A ciência diz: O corpo é uma máquina.
A publicidade diz: O corpo é um negócio.
O corpo diz: Eu sou uma festa.
Alguns dos contos mais longos podem parecer meros
divertimentos, como a História do Homem Que Queria Parir ou a História do Sobredotado,
Suas Façanhas e Seu Assombroso Destino, mas delas sempre guardamos uma imagem
forte sobre os destinos do mundo e da humanidade. Como não raras vezes sucede
na literatura que se encarregou de fixar as tradições orais dos povos
indígenas, os desenlaces raramente são óbvios, apelam ao espanto e à reflexão,
sugerem caminhos para um pensamento destemido, capaz de percorrer o irracional
sem se sentir obrigado a proverbializá-lo, antes paradoxializando a relação da
linguagem com a realidade. Do indigente que se mascarou de Diabo para ter
sucesso na vida, o desenlace é mais moralista:
Felicindo tentou
tirar a máscara com as unhas, experimentou com água e com aguardente, com
detergente e com esfregão de arame.
E até hoje
continua a querer arrancar essa cara que o espelho lhe devolve diariamente.
Ele consola-se
sabendo que esse é o problema de quase toda a gente.

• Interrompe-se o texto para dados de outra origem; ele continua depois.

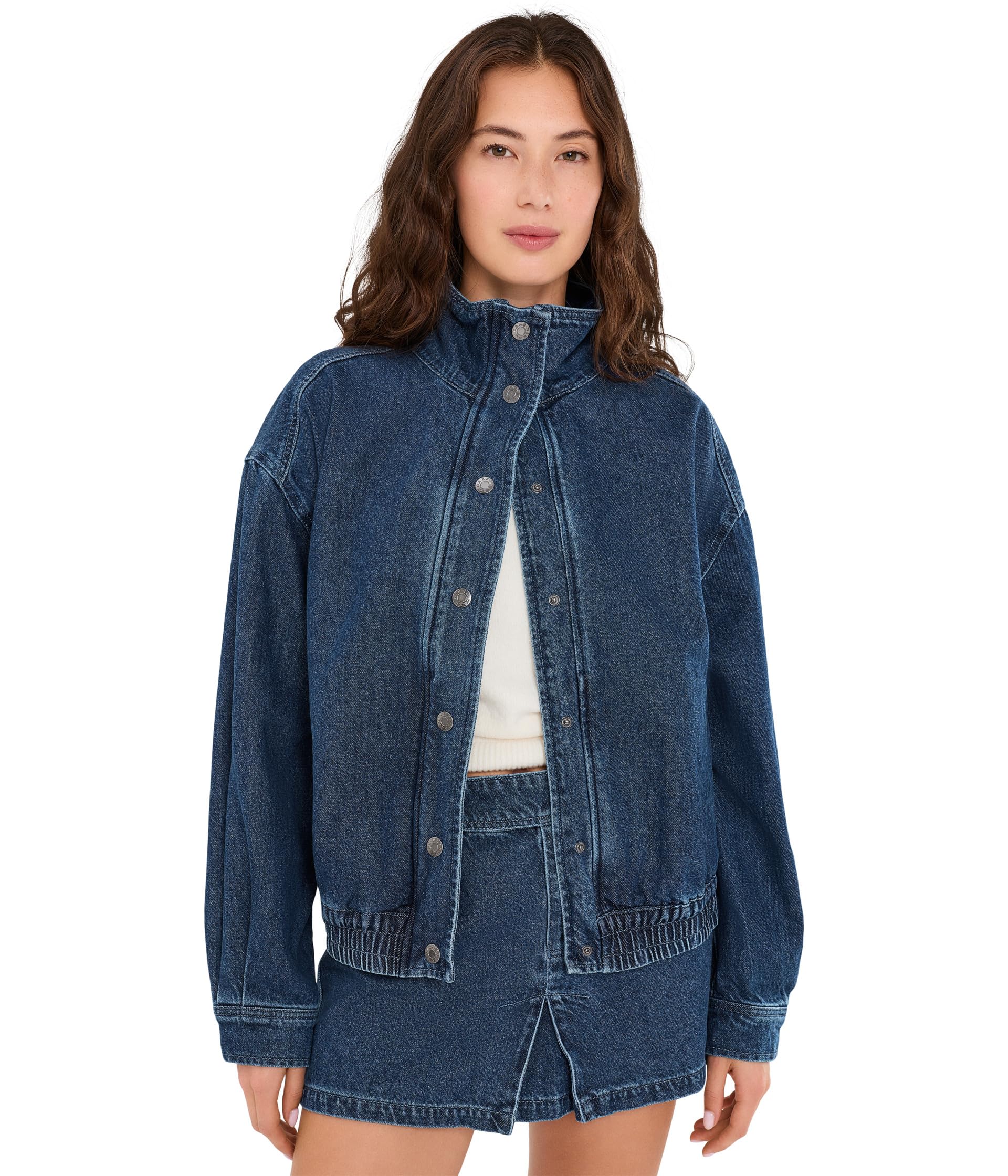 Phantom Funnel Neck Jacket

Não é mal que não seja comum, de facto. Mas esta é uma
das raras ocasiões em que o remate se fecha sobre si mesmo. Na maioria das
vezes, os textos são como as gravuras de J. Borges. Deixam-nos no limbo, a
pensar se haverá algo de real naquelas figuras monstruosas, e se não será
típico da realidade a monstruosidade que melhor a transfigura. A morte que vive
é, afinal, o esqueleto que cada um de nós transporta pela vida, o mal, o medo, circulam no sangue como reflexos num charco, «poderes e mistérios» (p. 219) são
próprios tanto das personagens como dos homens, sobre ambos pesará a mesma
pedra, ou seja, a mesma perda:
HISTÓRIA DA PÁSSARA QUE PERDEU UMA PATA
Os filhos já
tinham quebrado os ovos e, chilreando, espreitavam no ninho. A Tenquita voou à procura
de comida para eles. Era Inverno em Colchagua e a neve gelou-lhe uma pata. A
pássara protestou:
—
Porque me deixaste coxa?
E a neve:
— Porque o
sol me derrete.
E a Tenquita queixou-se
ao sol, e o sol:
— Porque a névoa me tapa.
E a névoa:
— Porque o vento me
arrasta.
E o vento:
— Porque a parede me
detém.
E a parede:
— Porque o rato me
esburaca.
E o rato:
— Porque o gato me come.
E o gato:
— Porque o cão me
persegue.
E o cão:
— Porque o pau me bate.
E o pau:
— Porque o fogo me
queima.
E o fogo:
— Porque a água me apaga.
E a água:
— Porque a vaca me bebe.
E a vaca:
— Porque a faca me mata.
E a faca:
— Porque o homem me afia.
E o homem:
— Porque Deus me criou.
Andando aos tombos, a
Tenquita cantou em busca de Deus. E Deus ouviu-a. Então, ela perguntou-lhe
porque fez o homem que afia a faca que mata a vaca que bebe a água que apaga o
fogo que queima o pau que bate no cão que persegue o gato que come o rato que
esburaca a parede que detém o vento que arrasta a névoa que tapa o sol que
derrete a neve que me gelou a pata.
— Ai, Tenquita — disse
Deus. — Eu tive de criar o homem para que o homem me criasse a mim.